• REQUIRED ACTION
Each line below should be written out exactly, with none skipped.

• EXTRACTED RECORDS

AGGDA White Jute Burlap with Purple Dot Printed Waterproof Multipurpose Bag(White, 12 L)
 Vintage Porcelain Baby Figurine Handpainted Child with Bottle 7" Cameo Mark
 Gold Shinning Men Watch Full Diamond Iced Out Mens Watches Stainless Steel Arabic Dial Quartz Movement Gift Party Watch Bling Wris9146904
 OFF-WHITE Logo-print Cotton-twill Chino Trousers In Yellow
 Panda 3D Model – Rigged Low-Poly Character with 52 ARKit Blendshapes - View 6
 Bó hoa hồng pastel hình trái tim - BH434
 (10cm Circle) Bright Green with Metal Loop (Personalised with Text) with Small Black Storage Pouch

• RESULT FOR THIS EXERCISE
AGGDA White Jute Burlap with Purple Dot Printed Waterproof Multipurpose Bag(White, 12 L)
 Vintage Porcelain Baby Figurine Handpainted Child with Bottle 7" Cameo Mark
 Gold Shinning Men Watch Full Diamond Iced Out Mens Watches Stainless Steel Arabic Dial Quartz Movement Gift Party Watch Bling Wris9146904
 OFF-WHITE Logo-print Cotton-twill Chino Trousers In Yellow
 Panda 3D Model – Rigged Low-Poly Character with 52 ARKit Blendshapes - View 6
 Bó hoa hồng pastel hình trái tim - BH434
 (10cm Circle) Bright Green with Metal Loop (Personalised with Text) with Small Black Storage Pouch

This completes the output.